» Requirement
Would you write out all of the entries below, exactly as they stand?
**** Information provided ****
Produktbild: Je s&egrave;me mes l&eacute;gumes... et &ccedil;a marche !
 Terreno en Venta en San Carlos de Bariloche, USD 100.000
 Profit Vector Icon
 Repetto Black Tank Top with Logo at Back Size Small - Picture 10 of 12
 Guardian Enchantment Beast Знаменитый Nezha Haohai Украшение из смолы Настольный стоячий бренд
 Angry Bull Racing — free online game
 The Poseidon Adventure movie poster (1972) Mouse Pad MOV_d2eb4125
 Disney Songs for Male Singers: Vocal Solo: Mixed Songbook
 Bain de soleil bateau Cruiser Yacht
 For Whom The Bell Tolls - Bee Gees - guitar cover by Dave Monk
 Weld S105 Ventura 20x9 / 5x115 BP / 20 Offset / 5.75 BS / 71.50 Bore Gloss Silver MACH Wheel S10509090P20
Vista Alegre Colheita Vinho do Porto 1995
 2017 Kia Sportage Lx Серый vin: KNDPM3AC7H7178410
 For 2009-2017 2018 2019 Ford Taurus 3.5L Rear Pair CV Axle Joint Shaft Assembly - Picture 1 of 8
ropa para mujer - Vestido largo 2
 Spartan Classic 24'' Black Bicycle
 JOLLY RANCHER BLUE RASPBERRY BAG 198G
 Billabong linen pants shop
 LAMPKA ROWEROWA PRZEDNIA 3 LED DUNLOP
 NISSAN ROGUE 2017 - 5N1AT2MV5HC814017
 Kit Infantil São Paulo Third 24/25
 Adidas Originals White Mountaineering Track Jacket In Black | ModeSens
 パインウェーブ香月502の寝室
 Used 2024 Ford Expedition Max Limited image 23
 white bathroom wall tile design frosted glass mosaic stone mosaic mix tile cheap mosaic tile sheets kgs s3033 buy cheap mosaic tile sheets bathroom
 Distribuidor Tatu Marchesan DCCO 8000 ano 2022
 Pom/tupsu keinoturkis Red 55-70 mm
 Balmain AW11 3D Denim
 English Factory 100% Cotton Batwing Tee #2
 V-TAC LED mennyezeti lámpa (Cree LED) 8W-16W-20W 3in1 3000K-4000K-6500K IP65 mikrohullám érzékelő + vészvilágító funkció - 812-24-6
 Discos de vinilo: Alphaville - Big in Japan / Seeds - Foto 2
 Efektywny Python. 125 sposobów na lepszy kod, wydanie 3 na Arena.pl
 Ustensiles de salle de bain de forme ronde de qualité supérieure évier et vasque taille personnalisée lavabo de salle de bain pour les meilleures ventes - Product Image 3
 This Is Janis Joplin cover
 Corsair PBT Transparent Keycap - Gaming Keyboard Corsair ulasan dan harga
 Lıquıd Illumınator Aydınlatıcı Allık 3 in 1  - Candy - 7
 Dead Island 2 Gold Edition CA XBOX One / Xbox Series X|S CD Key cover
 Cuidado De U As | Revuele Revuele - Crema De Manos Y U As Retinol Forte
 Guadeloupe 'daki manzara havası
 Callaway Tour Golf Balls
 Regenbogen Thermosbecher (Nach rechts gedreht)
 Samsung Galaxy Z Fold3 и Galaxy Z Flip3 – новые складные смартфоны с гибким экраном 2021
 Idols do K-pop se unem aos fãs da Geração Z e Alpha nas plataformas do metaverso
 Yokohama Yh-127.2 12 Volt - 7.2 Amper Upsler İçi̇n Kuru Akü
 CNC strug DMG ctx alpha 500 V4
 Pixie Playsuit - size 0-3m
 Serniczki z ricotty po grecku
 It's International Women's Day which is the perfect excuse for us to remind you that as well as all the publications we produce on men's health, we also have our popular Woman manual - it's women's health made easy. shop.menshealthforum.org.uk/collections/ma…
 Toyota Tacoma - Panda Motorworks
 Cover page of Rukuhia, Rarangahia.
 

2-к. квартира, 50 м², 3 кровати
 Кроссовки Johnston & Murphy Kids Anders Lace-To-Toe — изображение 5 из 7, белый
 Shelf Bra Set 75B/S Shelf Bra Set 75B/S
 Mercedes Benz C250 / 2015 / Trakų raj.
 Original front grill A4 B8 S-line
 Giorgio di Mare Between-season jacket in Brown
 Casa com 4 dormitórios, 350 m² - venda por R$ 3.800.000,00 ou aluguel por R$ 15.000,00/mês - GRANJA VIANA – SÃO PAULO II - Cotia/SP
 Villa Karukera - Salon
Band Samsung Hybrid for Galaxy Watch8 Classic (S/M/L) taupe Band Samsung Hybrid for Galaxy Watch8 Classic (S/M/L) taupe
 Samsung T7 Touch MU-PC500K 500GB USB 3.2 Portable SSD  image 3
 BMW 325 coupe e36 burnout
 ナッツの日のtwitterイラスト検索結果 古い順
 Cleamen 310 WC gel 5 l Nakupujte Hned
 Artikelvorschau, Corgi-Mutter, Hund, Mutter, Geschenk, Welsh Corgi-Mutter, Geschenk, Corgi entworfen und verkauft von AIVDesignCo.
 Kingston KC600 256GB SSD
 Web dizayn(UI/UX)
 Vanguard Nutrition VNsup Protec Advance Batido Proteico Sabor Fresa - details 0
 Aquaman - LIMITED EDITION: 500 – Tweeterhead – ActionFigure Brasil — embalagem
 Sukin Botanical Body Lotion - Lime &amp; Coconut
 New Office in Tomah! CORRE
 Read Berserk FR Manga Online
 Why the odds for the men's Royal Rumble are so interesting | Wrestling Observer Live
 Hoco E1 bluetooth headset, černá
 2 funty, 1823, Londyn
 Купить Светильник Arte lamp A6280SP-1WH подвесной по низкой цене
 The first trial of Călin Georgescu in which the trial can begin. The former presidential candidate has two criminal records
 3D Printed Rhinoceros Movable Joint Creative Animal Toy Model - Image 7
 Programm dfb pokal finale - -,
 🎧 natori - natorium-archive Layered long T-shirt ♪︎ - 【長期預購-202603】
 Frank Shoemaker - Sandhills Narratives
****
» Answer box
Produktbild: Je s&egrave;me mes l&eacute;gumes... et &ccedil;a marche !
 Terreno en Venta en San Carlos de Bariloche, USD 100.000
 Profit Vector Icon
 Repetto Black Tank Top with Logo at Back Size Small - Picture 10 of 12
 Guardian Enchantment Beast Знаменитый Nezha Haohai Украшение из смолы Настольный стоячий бренд
 Angry Bull Racing — free online game
 The Poseidon Adventure movie poster (1972) Mouse Pad MOV_d2eb4125
 Disney Songs for Male Singers: Vocal Solo: Mixed Songbook
 Bain de soleil bateau Cruiser Yacht
 For Whom The Bell Tolls - Bee Gees - guitar cover by Dave Monk
 Weld S105 Ventura 20x9 / 5x115 BP / 20 Offset / 5.75 BS / 71.50 Bore Gloss Silver MACH Wheel S10509090P20
Vista Alegre Colheita Vinho do Porto 1995
 2017 Kia Sportage Lx Серый vin: KNDPM3AC7H7178410
 For 2009-2017 2018 2019 Ford Taurus 3.5L Rear Pair CV Axle Joint Shaft Assembly - Picture 1 of 8
ropa para mujer - Vestido largo 2
 Spartan Classic 24'' Black Bicycle
 JOLLY RANCHER BLUE RASPBERRY BAG 198G
 Billabong linen pants shop
 LAMPKA ROWEROWA PRZEDNIA 3 LED DUNLOP
 NISSAN ROGUE 2017 - 5N1AT2MV5HC814017
 Kit Infantil São Paulo Third 24/25
 Adidas Originals White Mountaineering Track Jacket In Black | ModeSens
 パインウェーブ香月502の寝室
 Used 2024 Ford Expedition Max Limited image 23
 white bathroom wall tile design frosted glass mosaic stone mosaic mix tile cheap mosaic tile sheets kgs s3033 buy cheap mosaic tile sheets bathroom
 Distribuidor Tatu Marchesan DCCO 8000 ano 2022
 Pom/tupsu keinoturkis Red 55-70 mm
 Balmain AW11 3D Denim
 English Factory 100% Cotton Batwing Tee #2
 V-TAC LED mennyezeti lámpa (Cree LED) 8W-16W-20W 3in1 3000K-4000K-6500K IP65 mikrohullám érzékelő + vészvilágító funkció - 812-24-6
 Discos de vinilo: Alphaville - Big in Japan / Seeds - Foto 2
 Efektywny Python. 125 sposobów na lepszy kod, wydanie 3 na Arena.pl
 Ustensiles de salle de bain de forme ronde de qualité supérieure évier et vasque taille personnalisée lavabo de salle de bain pour les meilleures ventes - Product Image 3
 This Is Janis Joplin cover
 Corsair PBT Transparent Keycap - Gaming Keyboard Corsair ulasan dan harga
 Lıquıd Illumınator Aydınlatıcı Allık 3 in 1  - Candy - 7
 Dead Island 2 Gold Edition CA XBOX One / Xbox Series X|S CD Key cover
 Cuidado De U As | Revuele Revuele - Crema De Manos Y U As Retinol Forte
 Guadeloupe 'daki manzara havası
 Callaway Tour Golf Balls
 Regenbogen Thermosbecher (Nach rechts gedreht)
 Samsung Galaxy Z Fold3 и Galaxy Z Flip3 – новые складные смартфоны с гибким экраном 2021
 Idols do K-pop se unem aos fãs da Geração Z e Alpha nas plataformas do metaverso
 Yokohama Yh-127.2 12 Volt - 7.2 Amper Upsler İçi̇n Kuru Akü
 CNC strug DMG ctx alpha 500 V4
 Pixie Playsuit - size 0-3m
 Serniczki z ricotty po grecku
 It's International Women's Day which is the perfect excuse for us to remind you that as well as all the publications we produce on men's health, we also have our popular Woman manual - it's women's health made easy. shop.menshealthforum.org.uk/collections/ma…
 Toyota Tacoma - Panda Motorworks
 Cover page of Rukuhia, Rarangahia.
 

2-к. квартира, 50 м², 3 кровати
 Кроссовки Johnston & Murphy Kids Anders Lace-To-Toe — изображение 5 из 7, белый
 Shelf Bra Set 75B/S Shelf Bra Set 75B/S
 Mercedes Benz C250 / 2015 / Trakų raj.
 Original front grill A4 B8 S-line
 Giorgio di Mare Between-season jacket in Brown
 Casa com 4 dormitórios, 350 m² - venda por R$ 3.800.000,00 ou aluguel por R$ 15.000,00/mês - GRANJA VIANA – SÃO PAULO II - Cotia/SP
 Villa Karukera - Salon
Band Samsung Hybrid for Galaxy Watch8 Classic (S/M/L) taupe Band Samsung Hybrid for Galaxy Watch8 Classic (S/M/L) taupe
 Samsung T7 Touch MU-PC500K 500GB USB 3.2 Portable SSD  image 3
 BMW 325 coupe e36 burnout
 ナッツの日のtwitterイラスト検索結果 古い順
 Cleamen 310 WC gel 5 l Nakupujte Hned
 Artikelvorschau, Corgi-Mutter, Hund, Mutter, Geschenk, Welsh Corgi-Mutter, Geschenk, Corgi entworfen und verkauft von AIVDesignCo.
 Kingston KC600 256GB SSD
 Web dizayn(UI/UX)
 Vanguard Nutrition VNsup Protec Advance Batido Proteico Sabor Fresa - details 0
 Aquaman - LIMITED EDITION: 500 – Tweeterhead – ActionFigure Brasil — embalagem
 Sukin Botanical Body Lotion - Lime &amp; Coconut
 New Office in Tomah! CORRE
 Read Berserk FR Manga Online
 Why the odds for the men's Royal Rumble are so interesting | Wrestling Observer Live
 Hoco E1 bluetooth headset, černá
 2 funty, 1823, Londyn
 Купить Светильник Arte lamp A6280SP-1WH подвесной по низкой цене
 The first trial of Călin Georgescu in which the trial can begin. The former presidential candidate has two criminal records
 3D Printed Rhinoceros Movable Joint Creative Animal Toy Model - Image 7
 Programm dfb pokal finale - -,
 🎧 natori - natorium-archive Layered long T-shirt ♪︎ - 【長期預購-202603】
 Frank Shoemaker - Sandhills Narratives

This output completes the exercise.